I can’t tell you how many people, when I ask, “What are you looking for?” tell me that they seek “inner peace.”  My hunch is that we all are looking for “inner peace,” we all seek what Bernard calls “rest and consolation.”  The road to inner peace(according to Bernard) is:  “Let God’s word enter into your very being, allow it to take possession of your desires, let it become your whole way of life.”

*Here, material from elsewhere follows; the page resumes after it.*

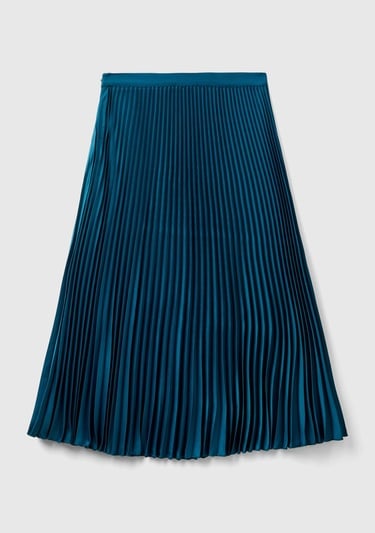  Kadın Petrol Mavisi Rahat Kesim Uzun Etek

The first coming of the Lord that we celebrate this evening offers images for how we can travel Bernard’s road to inner peace: “There was no place for them in the inn,” writes Luke – can we make space to let Jesus in?  “There were shepherds… keeping watch over their flocks by night” – might we keep watch for Jesus?  “Do not be afraid,” said the angels to the shepherds – if, when the Lord knocks at the door of our hearts, we are afraid and want to resist, can we hear the angels speak to us, “Do not be afraid?”  “So the shepherds went with haste and found Mary and Joseph, and the child lying in the manger” – might we hasten toward Jesus?  “And Mary treasured all these words and pondered them in her heart” – might we learn to treasure and ponder Jesus’ word?

Bernard knows how much our lives depend on Jesus’ word – “Remember to eat your bread,”says Bernard – that is, to take in Jesus’ word – “or your heart will wither away.”  I pray that we do not let our hearts wither away, but that we take in his word – his word in scripture and in the sacraments, his word that comes with power. For as we “eat” this “bread” – as we let Jesus’ word enter in and become our whole way of life – “it will fill our souls with richness and strength,”promises Bernard.  And our Lord’s “middle coming,” his coming into our hearts, will be our rest and consolation.  For it is in Jesus – and only in Jesus, who made us and for whom we are made – [it is in Jesus] that our hearts can find inner peace.